# What the task requires:
Can the lines below, from the one that holds "Conjunto de Juego" to the very end, be echoed exactly, with both ends included and no pictures?

Captioned web image data:

▼

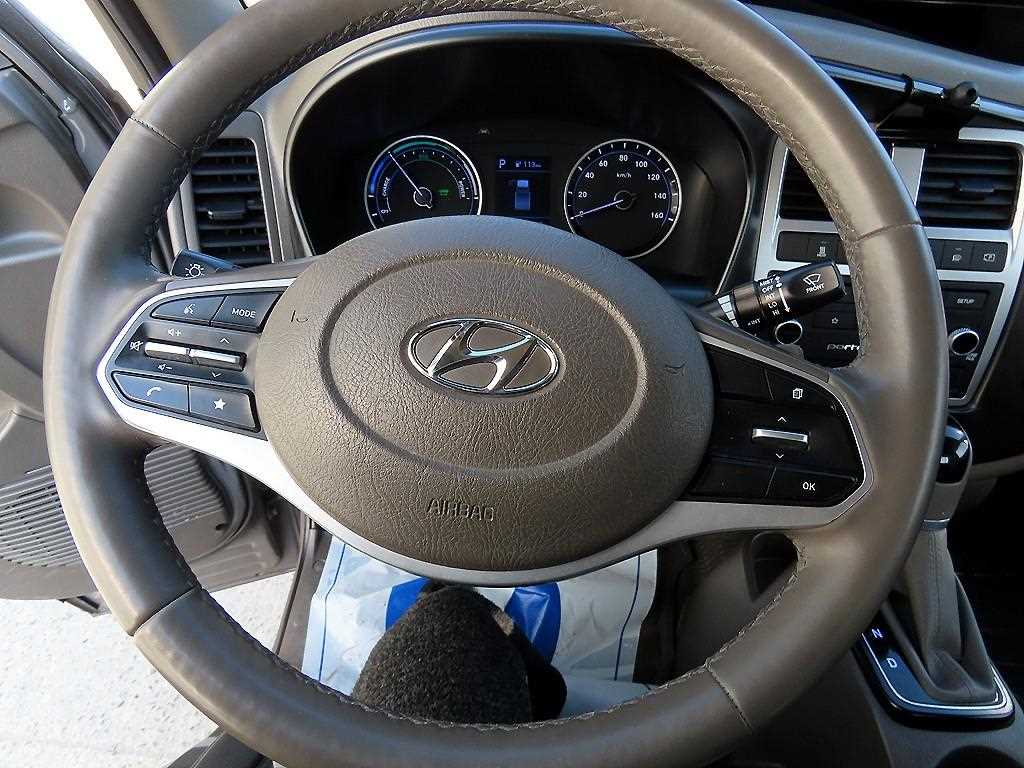 Hyundai Porter 1.0 Ton/ Super Cab/ Long Wheelbase/ Smart Special 9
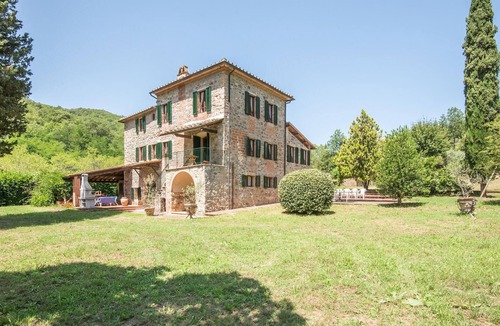 Gaiole in Chianti House | Pet friendly home in Gaiole in Chianti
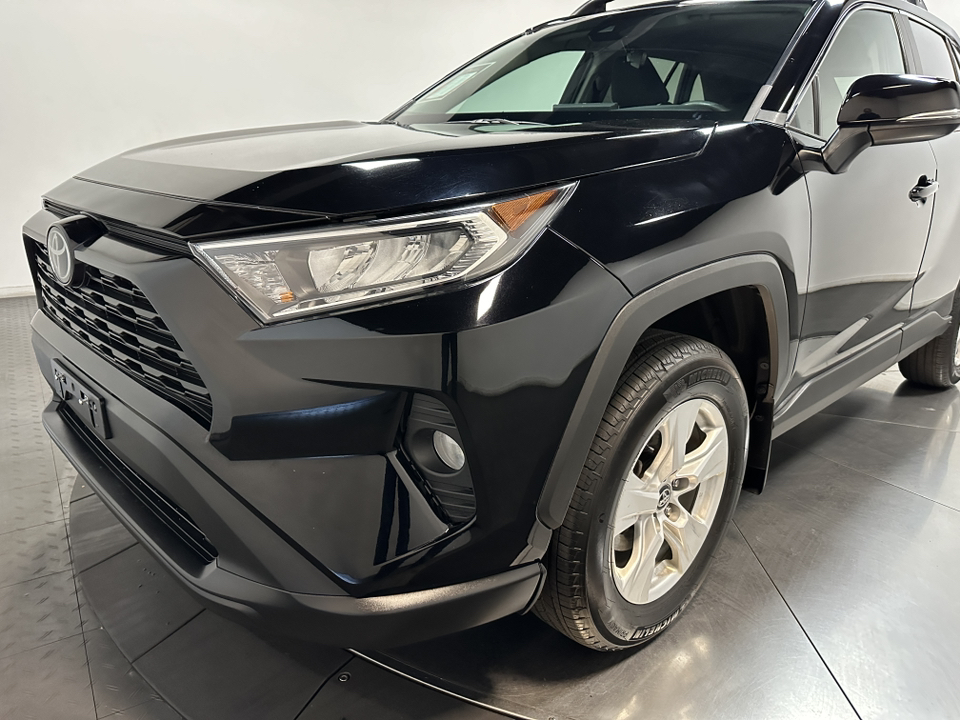 2021 Toyota RAV4 XLE 7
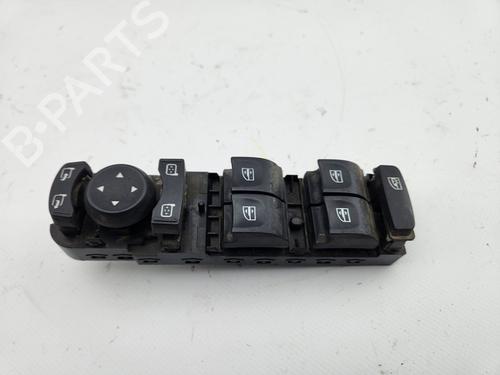 Used Left front window switch RENAULT MEGANE III Grandtour (KZ0/1) [2008-2016]  29626080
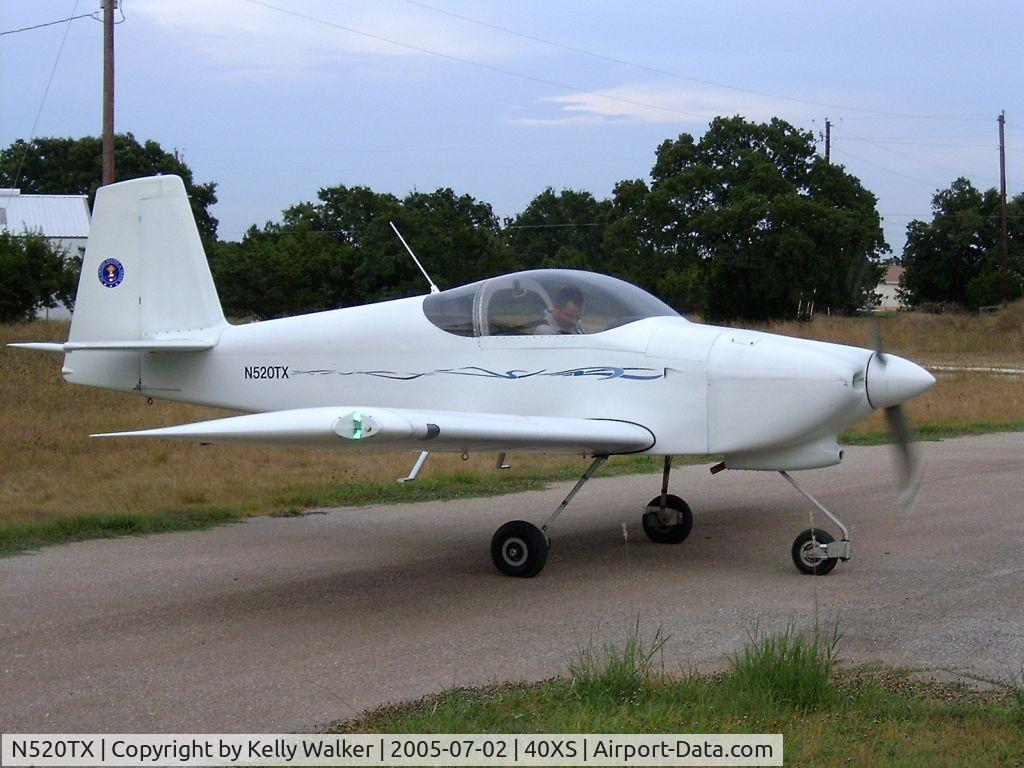 N520TX, 2004 Van's RV-7A C/N 71269, 520TX prepping for evening flight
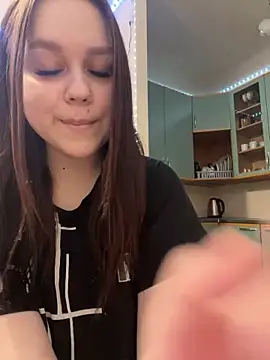 Marylallka5 online show from 8, 3, 2025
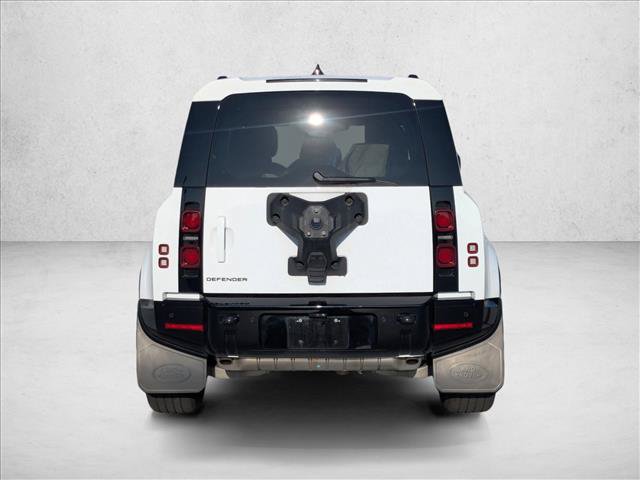 Used 2025 Land Rover Defender 110 X-Dynamic SE AWD/4WD image 6
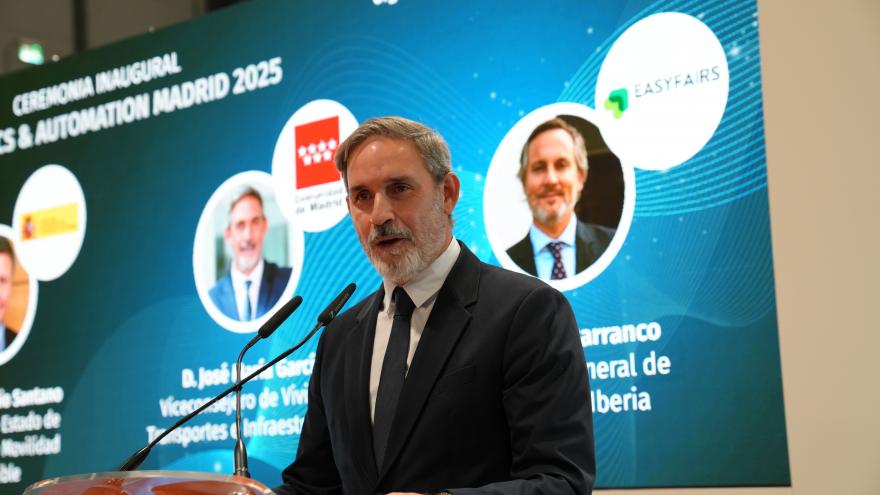García participa en la inauguración de la feria Logistics Automation y Logistics & Industrial Build El viceconsejero José María García durante la inauguración de la feria
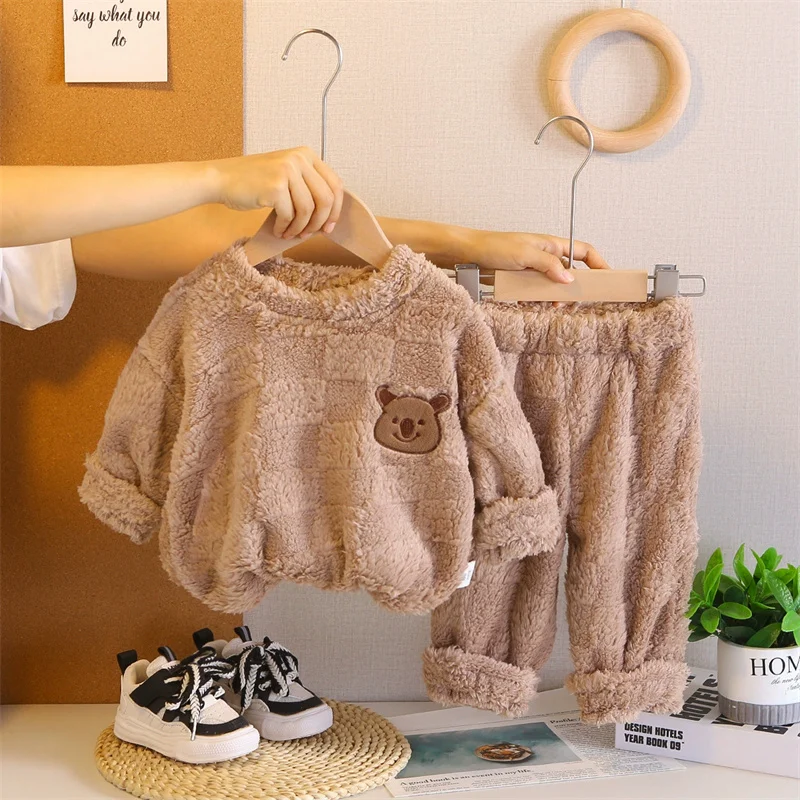 Pijamas de lana para niños: conjuntos cálidos de invierno con dibujos - imagen 4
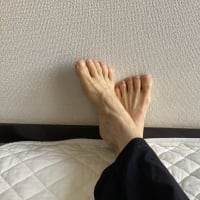 脳と手の甲ストレッチで”腰“曲げれました。I can now bend my waist by stretching my brain and the back of my hand.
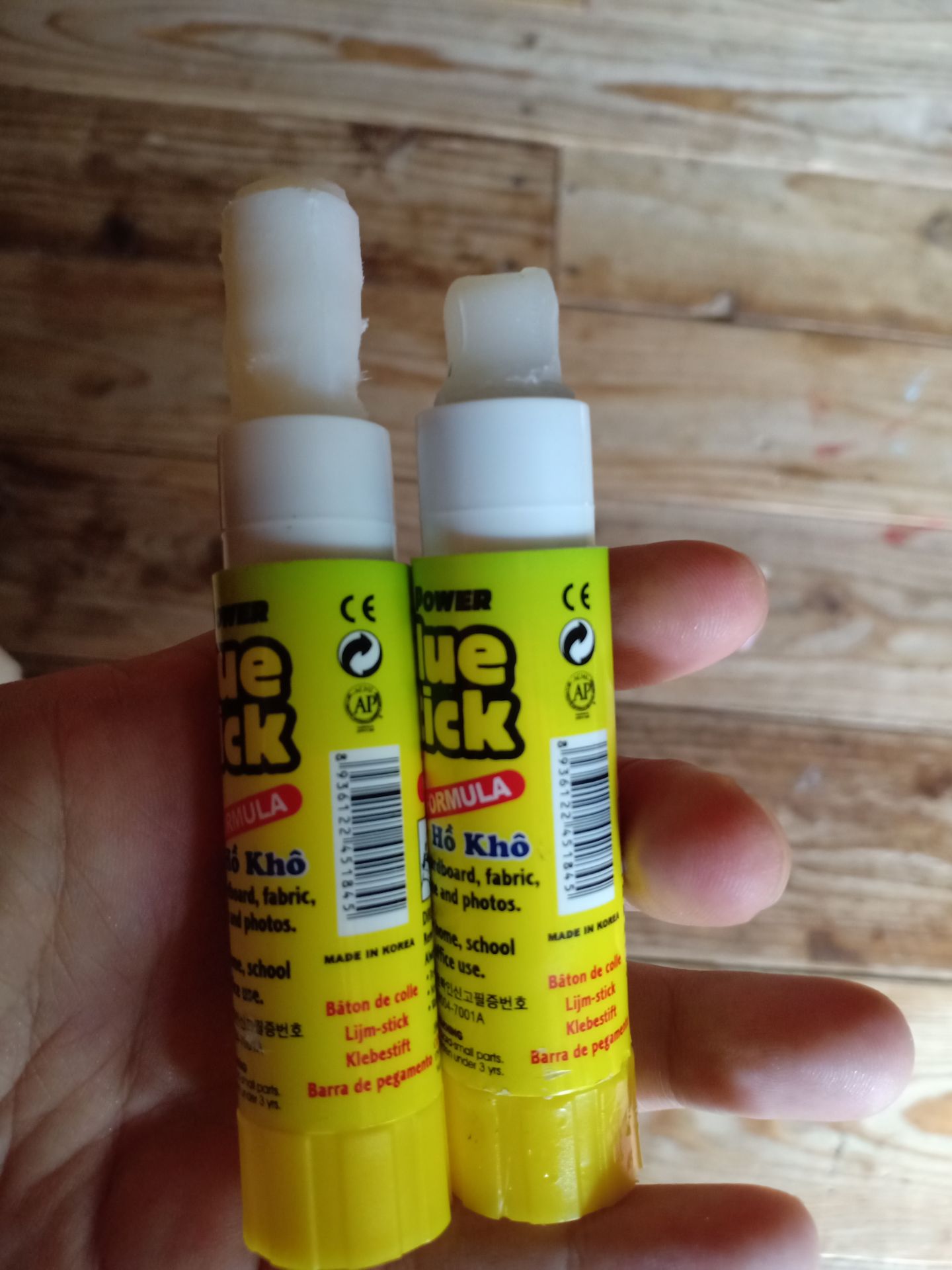 hàng kém chất lượng. mua 3 lọ hồ thì 1 lọ mất nắp, 1 lọ mốc. yêu cầu được trả lại hàng. đây là hình ảnh lúc vừa nhận đc hàng.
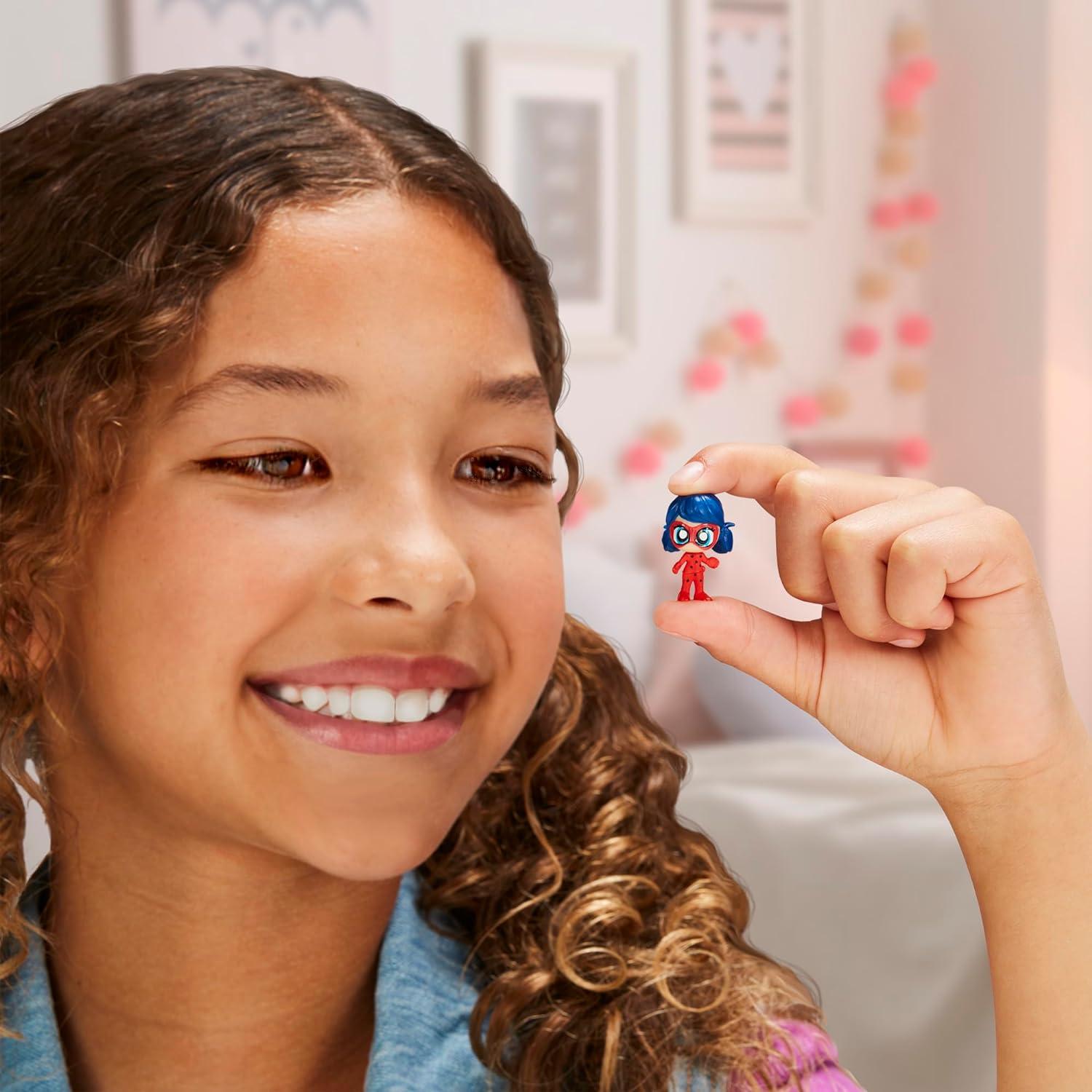 Conjunto de Juego Chibi Miraculous Playmates - Parque de Diversiones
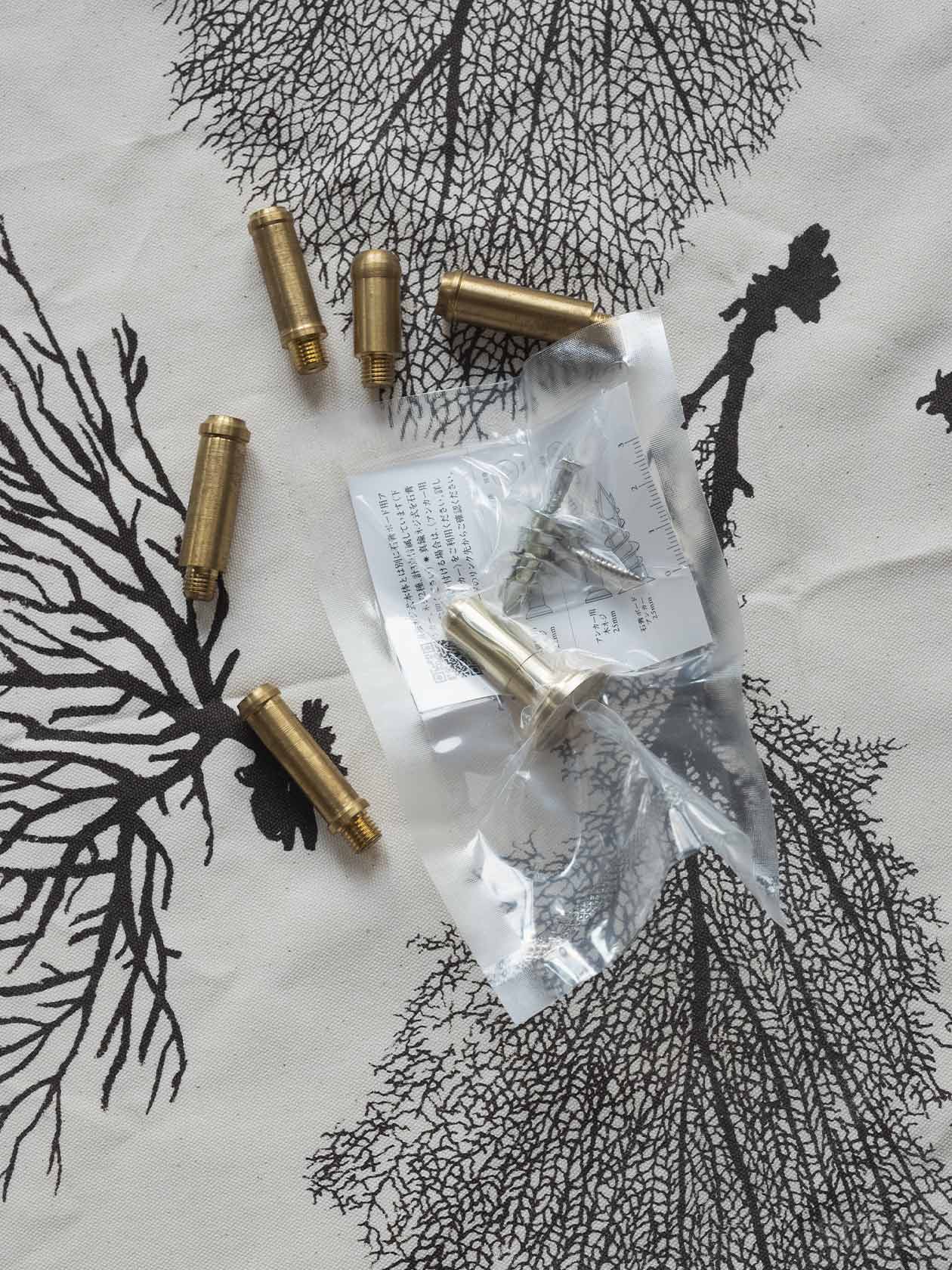 真鍮フック3型｜モップを浮かせて収納できるフック｜SCOPE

▲

# Completed exercise:
 Conjunto de Juego Chibi Miraculous Playmates - Parque de Diversiones
 真鍮フック3型｜モップを浮かせて収納できるフック｜SCOPE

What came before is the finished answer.